** Task input follows **

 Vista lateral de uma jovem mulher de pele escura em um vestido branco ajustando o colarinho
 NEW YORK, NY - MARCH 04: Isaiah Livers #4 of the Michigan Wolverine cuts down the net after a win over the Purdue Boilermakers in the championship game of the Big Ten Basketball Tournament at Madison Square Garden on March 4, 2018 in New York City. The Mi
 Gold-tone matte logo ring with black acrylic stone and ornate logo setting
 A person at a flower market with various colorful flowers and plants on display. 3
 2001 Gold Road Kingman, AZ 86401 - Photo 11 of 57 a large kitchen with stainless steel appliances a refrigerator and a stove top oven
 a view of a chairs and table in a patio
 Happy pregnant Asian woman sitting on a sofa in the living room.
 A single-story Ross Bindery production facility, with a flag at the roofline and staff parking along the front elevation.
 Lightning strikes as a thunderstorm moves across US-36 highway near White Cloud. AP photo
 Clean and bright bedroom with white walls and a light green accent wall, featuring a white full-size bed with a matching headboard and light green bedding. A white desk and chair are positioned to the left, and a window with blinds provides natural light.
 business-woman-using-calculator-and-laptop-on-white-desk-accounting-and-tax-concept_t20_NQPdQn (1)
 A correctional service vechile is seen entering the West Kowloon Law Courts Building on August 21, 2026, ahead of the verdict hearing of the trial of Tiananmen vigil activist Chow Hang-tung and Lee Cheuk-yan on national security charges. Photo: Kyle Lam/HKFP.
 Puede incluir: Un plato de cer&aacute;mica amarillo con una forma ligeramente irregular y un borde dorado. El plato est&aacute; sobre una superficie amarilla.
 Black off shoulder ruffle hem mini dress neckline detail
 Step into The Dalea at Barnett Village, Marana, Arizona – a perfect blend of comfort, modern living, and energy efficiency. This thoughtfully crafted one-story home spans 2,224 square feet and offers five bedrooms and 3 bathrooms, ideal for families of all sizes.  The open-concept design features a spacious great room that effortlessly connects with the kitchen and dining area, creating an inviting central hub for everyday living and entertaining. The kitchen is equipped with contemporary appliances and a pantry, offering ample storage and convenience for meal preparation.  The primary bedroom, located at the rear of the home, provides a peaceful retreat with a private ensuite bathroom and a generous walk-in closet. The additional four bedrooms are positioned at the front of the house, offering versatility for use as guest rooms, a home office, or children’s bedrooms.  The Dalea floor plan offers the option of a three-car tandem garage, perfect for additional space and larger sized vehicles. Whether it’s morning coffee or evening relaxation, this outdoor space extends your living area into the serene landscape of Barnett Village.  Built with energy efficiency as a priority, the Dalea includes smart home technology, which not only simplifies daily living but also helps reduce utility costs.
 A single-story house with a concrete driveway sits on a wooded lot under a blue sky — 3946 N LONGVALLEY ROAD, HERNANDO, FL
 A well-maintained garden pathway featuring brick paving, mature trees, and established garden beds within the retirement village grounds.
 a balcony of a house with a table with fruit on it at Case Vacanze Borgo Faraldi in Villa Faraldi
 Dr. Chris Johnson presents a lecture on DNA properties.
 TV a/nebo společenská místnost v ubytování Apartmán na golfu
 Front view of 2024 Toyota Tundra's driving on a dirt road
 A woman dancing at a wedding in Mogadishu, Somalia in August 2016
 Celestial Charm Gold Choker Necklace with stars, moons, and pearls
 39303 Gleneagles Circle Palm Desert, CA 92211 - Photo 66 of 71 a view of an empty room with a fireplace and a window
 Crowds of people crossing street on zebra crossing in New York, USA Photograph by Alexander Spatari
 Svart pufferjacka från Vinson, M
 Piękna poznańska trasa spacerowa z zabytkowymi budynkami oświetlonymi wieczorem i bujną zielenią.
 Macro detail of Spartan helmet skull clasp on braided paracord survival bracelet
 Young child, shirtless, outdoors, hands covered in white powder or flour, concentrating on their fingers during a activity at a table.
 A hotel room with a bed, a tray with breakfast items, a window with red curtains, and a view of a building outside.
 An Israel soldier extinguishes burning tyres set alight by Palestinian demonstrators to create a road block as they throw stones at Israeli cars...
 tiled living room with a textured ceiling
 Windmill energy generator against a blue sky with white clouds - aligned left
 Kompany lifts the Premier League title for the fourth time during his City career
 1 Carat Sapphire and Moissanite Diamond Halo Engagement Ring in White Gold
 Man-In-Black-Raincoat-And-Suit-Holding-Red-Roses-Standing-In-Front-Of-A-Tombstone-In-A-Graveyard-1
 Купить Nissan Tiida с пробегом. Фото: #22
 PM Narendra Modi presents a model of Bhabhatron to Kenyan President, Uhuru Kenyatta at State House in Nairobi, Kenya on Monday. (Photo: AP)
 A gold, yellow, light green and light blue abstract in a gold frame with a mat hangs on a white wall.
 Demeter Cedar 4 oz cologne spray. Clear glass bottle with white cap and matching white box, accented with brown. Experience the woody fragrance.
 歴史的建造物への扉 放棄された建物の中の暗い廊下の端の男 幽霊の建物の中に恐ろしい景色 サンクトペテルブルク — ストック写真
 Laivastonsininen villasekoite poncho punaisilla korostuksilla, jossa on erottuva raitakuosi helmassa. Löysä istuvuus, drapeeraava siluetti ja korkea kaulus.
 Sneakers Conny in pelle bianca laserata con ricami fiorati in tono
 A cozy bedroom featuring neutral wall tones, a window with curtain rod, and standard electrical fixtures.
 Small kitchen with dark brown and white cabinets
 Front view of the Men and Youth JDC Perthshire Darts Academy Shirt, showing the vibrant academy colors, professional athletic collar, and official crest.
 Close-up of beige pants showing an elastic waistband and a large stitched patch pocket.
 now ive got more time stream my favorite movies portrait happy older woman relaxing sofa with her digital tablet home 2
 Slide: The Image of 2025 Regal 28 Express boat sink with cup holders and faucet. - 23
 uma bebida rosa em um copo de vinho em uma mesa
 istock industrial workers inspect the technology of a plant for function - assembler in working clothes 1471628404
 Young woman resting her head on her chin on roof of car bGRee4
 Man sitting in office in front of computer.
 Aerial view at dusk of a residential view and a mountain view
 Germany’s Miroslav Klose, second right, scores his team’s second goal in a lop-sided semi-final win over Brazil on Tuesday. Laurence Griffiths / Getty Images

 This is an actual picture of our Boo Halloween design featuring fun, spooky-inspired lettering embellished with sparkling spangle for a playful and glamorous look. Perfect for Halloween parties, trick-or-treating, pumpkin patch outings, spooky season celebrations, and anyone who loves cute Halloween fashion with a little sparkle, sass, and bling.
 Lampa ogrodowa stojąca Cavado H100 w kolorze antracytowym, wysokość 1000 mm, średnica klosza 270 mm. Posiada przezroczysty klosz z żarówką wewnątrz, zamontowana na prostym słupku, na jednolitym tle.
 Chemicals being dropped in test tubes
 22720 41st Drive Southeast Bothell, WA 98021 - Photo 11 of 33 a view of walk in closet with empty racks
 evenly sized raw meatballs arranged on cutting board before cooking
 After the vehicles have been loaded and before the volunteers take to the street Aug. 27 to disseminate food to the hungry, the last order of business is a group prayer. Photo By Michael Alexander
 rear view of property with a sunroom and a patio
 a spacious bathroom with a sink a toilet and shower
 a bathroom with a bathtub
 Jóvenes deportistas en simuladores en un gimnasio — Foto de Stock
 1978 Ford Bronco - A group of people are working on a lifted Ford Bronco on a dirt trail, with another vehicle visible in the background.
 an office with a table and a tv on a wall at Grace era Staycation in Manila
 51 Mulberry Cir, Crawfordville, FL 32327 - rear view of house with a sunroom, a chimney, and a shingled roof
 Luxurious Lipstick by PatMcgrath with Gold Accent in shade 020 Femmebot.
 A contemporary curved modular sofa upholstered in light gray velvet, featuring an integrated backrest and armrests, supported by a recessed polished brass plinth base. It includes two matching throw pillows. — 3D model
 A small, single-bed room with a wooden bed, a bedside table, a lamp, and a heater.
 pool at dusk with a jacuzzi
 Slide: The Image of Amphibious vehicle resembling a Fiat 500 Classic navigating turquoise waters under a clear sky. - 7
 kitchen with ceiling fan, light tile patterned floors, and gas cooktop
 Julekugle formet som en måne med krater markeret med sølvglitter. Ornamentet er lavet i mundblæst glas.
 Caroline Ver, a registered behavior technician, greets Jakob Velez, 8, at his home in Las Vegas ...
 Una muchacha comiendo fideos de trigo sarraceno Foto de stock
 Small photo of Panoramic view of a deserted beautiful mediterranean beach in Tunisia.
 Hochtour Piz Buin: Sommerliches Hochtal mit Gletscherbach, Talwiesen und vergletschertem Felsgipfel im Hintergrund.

** End of Task input **

Everything above from the line containing "1978 Ford Bronco" down to the line containing "Una muchacha comiendo" is to be transcribed exactly, with both of those lines included and nothing else added.

▸ Final answer:
 1978 Ford Bronco - A group of people are working on a lifted Ford Bronco on a dirt trail, with another vehicle visible in the background.
 an office with a table and a tv on a wall at Grace era Staycation in Manila
 51 Mulberry Cir, Crawfordville, FL 32327 - rear view of house with a sunroom, a chimney, and a shingled roof
 Luxurious Lipstick by PatMcgrath with Gold Accent in shade 020 Femmebot.
 A contemporary curved modular sofa upholstered in light gray velvet, featuring an integrated backrest and armrests, supported by a recessed polished brass plinth base. It includes two matching throw pillows. — 3D model
 A small, single-bed room with a wooden bed, a bedside table, a lamp, and a heater.
 pool at dusk with a jacuzzi
 Slide: The Image of Amphibious vehicle resembling a Fiat 500 Classic navigating turquoise waters under a clear sky. - 7
 kitchen with ceiling fan, light tile patterned floors, and gas cooktop
 Julekugle formet som en måne med krater markeret med sølvglitter. Ornamentet er lavet i mundblæst glas.
 Caroline Ver, a registered behavior technician, greets Jakob Velez, 8, at his home in Las Vegas ...
 Una muchacha comiendo fideos de trigo sarraceno Foto de stock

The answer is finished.